A row about rainbows has broken out in football. Paris St-Germain players wore brightly coloured numbers — a show of support for this week’s ‘International Day Against Homophobia, Biphobia and Transphobia’. But one player was missing from the line-up: Idrissa Gueye.
PSG’s manager Mauricio Pochettino said that Gueye missed the game against Montpellier – which his team won 4-0 – for ‘personal reasons’. It has now emerged that he refused to play to avoid having to wear the rainbow symbol.
Was Gueye, a devout Muslim who regularly shares messages about his faith on social media, entitled to take such a stand? Senegal’s president Macky Sall thinks so. ‘I support Idrissa Gana Gueye,’ he said. ‘His religious convictions must be respected.’
The French Football Federation sees things differently. In a letter to Gueye, the FFF has reportedly called for him to ‘issue a public apology’ or to clarify that the rumours he refused to play are ‘unfounded’.
Gueye at least has the backing of some other players: Crystal Palace’s Cheikhou Kouyate and Watford’s Ismaila Sarr have posted in support of their Senegal teammate. ‘We wholeheartedly support you brother,’ said Gueye’s fellow midfielder Kouyate.
Now both Kouyate and Sarr are in trouble, too. Crystal Palace manager Patrick Vieira said: ‘We are against any form of discrimination’ and has confirmed he will talk to Kouyate. Meanwhile Watford has reiterated ‘its long-term commitment to…Equality Diversity and Inclusion values’.

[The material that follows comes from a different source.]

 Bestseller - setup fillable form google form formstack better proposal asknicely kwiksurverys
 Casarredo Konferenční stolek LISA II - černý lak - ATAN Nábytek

The rainbow flag is big business — it is used by corporations to signal their support for LGBT rights. Banks change their logos to display the rainbow. Burger King once flogged a ‘pride whopper’ to celebrate LGBT customers.
Even Newcastle United players, who turn out each week for a club owned by Saudi Arabia’s Public Investment Fund, wear rainbow laces. But how does this benefit the Saudi homosexuals facing the death penalty 4,000 miles away from St James’ Park? Do colourful shoelaces help Suhail al-Jameel, a gay Saudi social media influencer who was thrown into prison – and remains behind bars, nearly two years on – after he posted a topless picture of himself wearing leopard-print shorts?
As for Gueye, should we be angry at him for not playing in rainbow colours? Might it be better instead to direct our focus on his club, PSG, which is owned by Tamim bin Hamad Al Thani, the Emir of Qatar? Male homosexuality remains illegal in Qatar and the death penalty hangs over Muslims who engage in same-sex relations. At least one gay footballer has spoken out over his fears of playing in the World Cup later this year, which will be hosted by Qatar.
PSG has said that they are ‘very proud to wear this (rainbow) shirt’. ‘The biggest stars of world football were on the field on Saturday and expressed the club’s commitment to the fight against homophobia and all forms of discrimination,’ it added in a statement.
That ‘fight against homophobia’ should start with helping those who have been locked up for being gay, not hounding someone who refuses to play decked out in rainbow colours.